Curriculum Overview: AWS Compute Services Mastery
Identify AWS compute services
Curriculum Overview: AWS Compute Services Mastery
This curriculum is designed to provide a comprehensive understanding of the AWS Compute category, a core pillar of the AWS Cloud Practitioner (CLF-C02) exam. Students will learn to distinguish between virtual machines, serverless functions, and containerized orchestration.
Prerequisites
Before beginning this module, learners should possess the following foundational knowledge:
- Basic Cloud Concepts: Understanding of the AWS Shared Responsibility Model and Cloud Deployment models (Public, Private, Hybrid).
- AWS Global Infrastructure: Familiarity with Regions and Availability Zones (AZs).
- Basic Networking: A high-level understanding of what a VPC (Virtual Private Cloud) and IP addresses are.
- Virtualization Fundamentals: General awareness of what a Virtual Machine (VM) is compared to a physical server.
Module Breakdown
| Module | Title | Primary Focus | Difficulty |
|---|---|---|---|
| 1 | Amazon EC2 & AMIs | Virtual machines, instance types, and base images. | Beginner |
| 2 | Serverless with Lambda | Event-driven code execution without server management. | Intermediate |
| 3 | Container Services | ECS, EKS, and the Fargate serverless engine. | Intermediate |
| 4 | Elasticity & Scaling | Auto Scaling groups and Load Balancers. | Advanced |
Learning Objectives per Module
Module 1: Amazon EC2 (Elastic Compute Cloud)
- Identify the purpose of an Amazon Machine Image (AMI) as the template for the OS and software.
- Differentiate between instance types (e.g., Compute Optimized vs. Memory Optimized).
- Explain the benefits of root access and full administrative control over instances.
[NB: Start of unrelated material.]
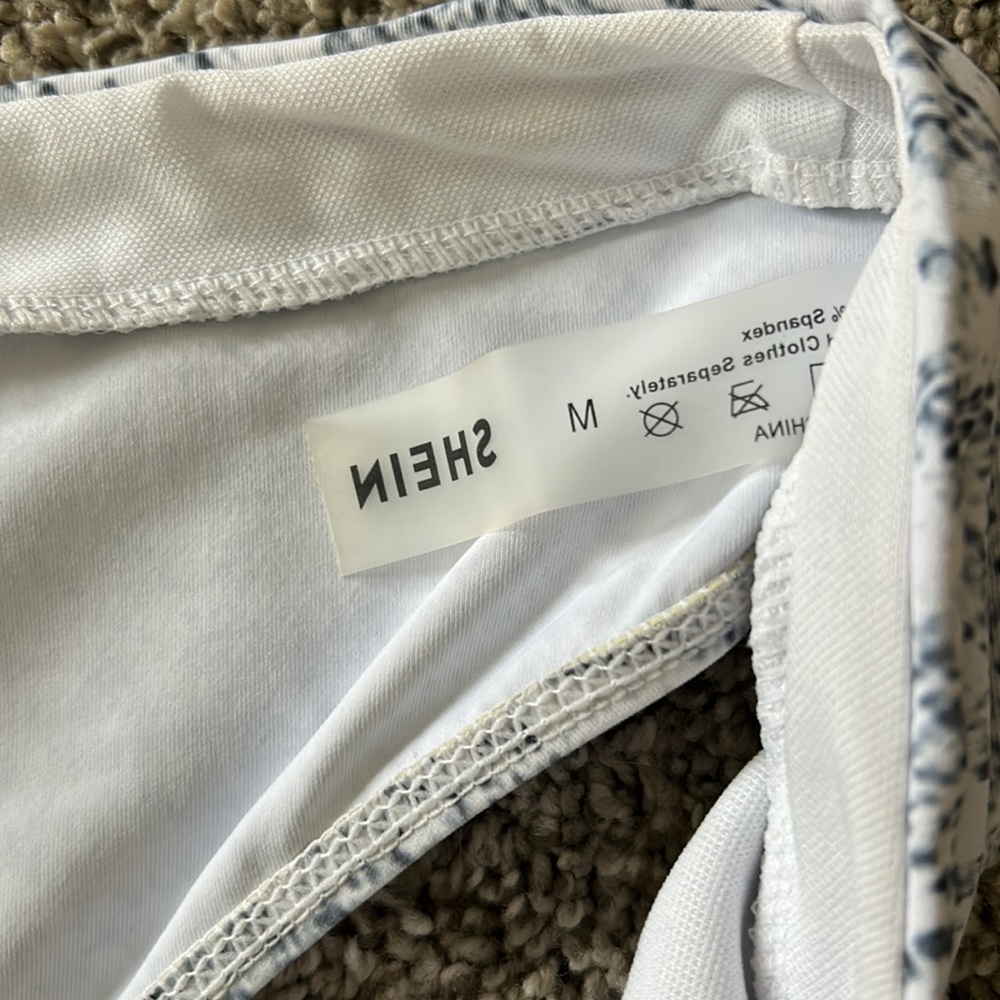 Shein Suit - Picture 3 of 4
Module 2: AWS Lambda (Serverless)
- Define serverless computing and its "pay only for what you use" billing model.
- Recognize use cases for short-running, event-driven scripts (e.g., image resizing upon upload).
- Understand that AWS handles all underlying infrastructure maintenance and scaling.
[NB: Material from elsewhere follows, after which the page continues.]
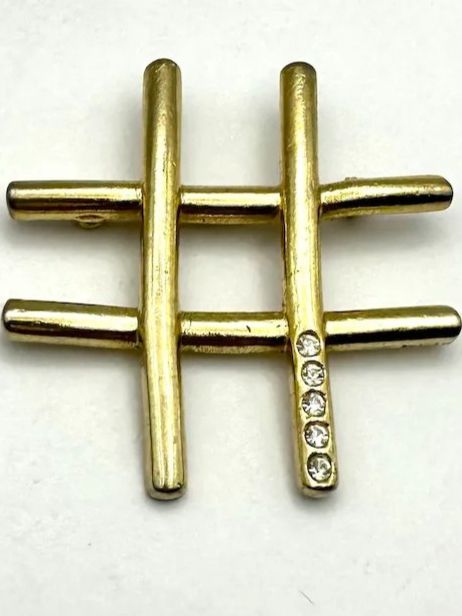 Spille & Fermagli: Vintage   Modernist Hashtag Brosche m. Swarowski Steinen – Usato da Beckenried venduto da SylvkensWorld 3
Module 3: Container Orchestration (ECS & EKS)
- Distinguish between Amazon ECS (AWS-native) and Amazon EKS (Kubernetes-compatible).
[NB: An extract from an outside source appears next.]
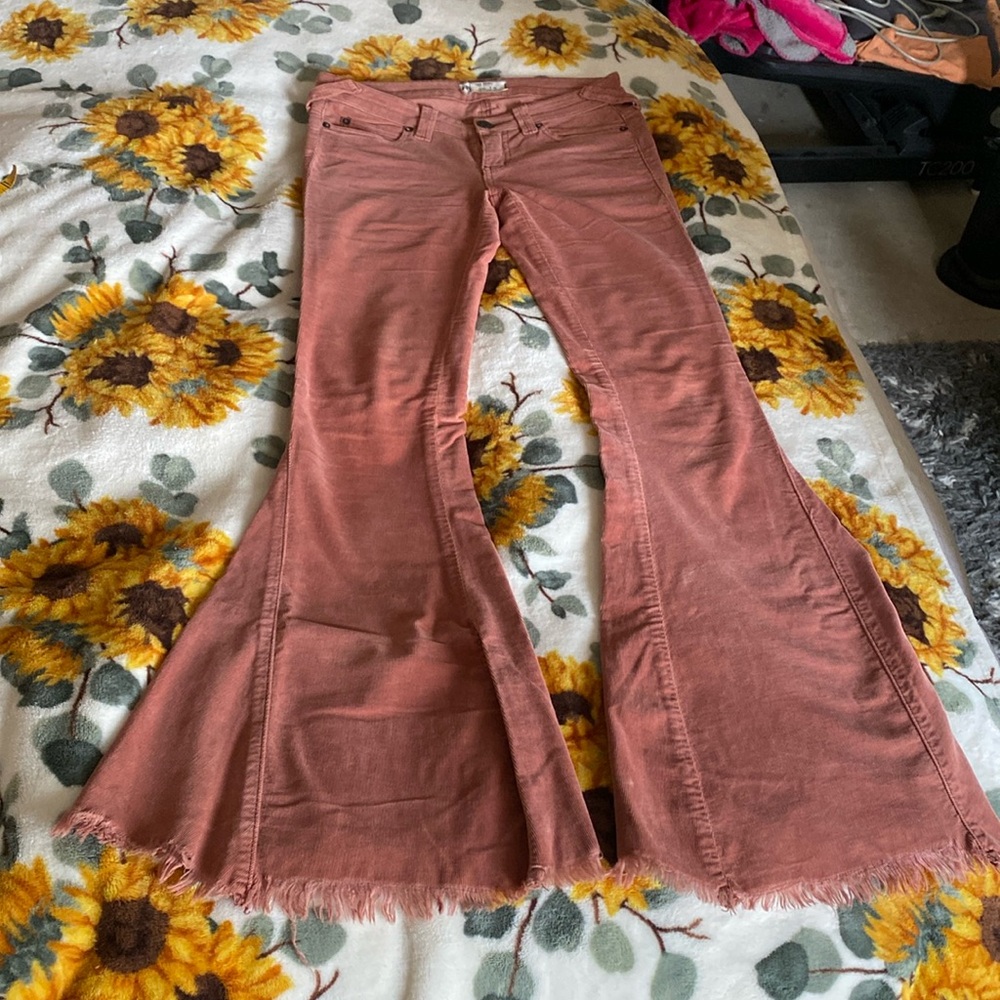 Free People Low Rise Salmon Corduroy Bell Bottoms Size 26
- Identify AWS Fargate as the serverless compute engine for both ECS and EKS.
- Understand how containers provide application portability and environment consistency.
Module 4: High Availability & Elasticity
- Explain how Auto Scaling provides elasticity by adding/removing instances based on demand.
- Identify the role of Elastic Load Balancing (ELB) in distributing traffic across multiple targets.
Visual Anchors
Compute Selection Decision Tree
Management Effort vs. Flexibility
Success Metrics
To demonstrate mastery of this curriculum, the learner must be able to:
- Scenario Mapping: Correctly assign a service (EC2, Lambda, or ECS) to a specific business requirement with 90% accuracy.
- Terminology Precision: Distinguish between horizontal scaling (adding instances) and vertical scaling (making an instance bigger).
- Cost Optimization: Identify which service minimizes costs for a task that only runs for 5 seconds once a day (Answer: Lambda).
- Deployment Identification: Explain the difference between an AMI (for EC2) and a Container (for ECS/EKS).
Real-World Application
[!IMPORTANT] Why this matters in a career: Understanding AWS Compute is the "bread and butter" of a Cloud Architect or Developer. If you choose EC2 when Lambda would suffice, you increase your company's operational overhead and monthly bill. If you choose Lambda for a 24/7 heavy-processing task, you may face timeouts and higher costs than a reserved EC2 instance.
- Case Study: A retail website uses EC2 for its web servers, Auto Scaling to handle Black Friday traffic, and Lambda to process email receipts immediately after a purchase. This hybrid approach ensures reliability while optimizing costs for sporadic tasks.
▶Click to expand: Career Roles Using These Skills
- Cloud Practitioner: Understands the "What" and "Why" for billing and high-level planning.
- Solutions Architect: Designs the "How" by selecting the right compute mix for performance.
- DevOps Engineer: Automates the deployment of containers and scaling policies.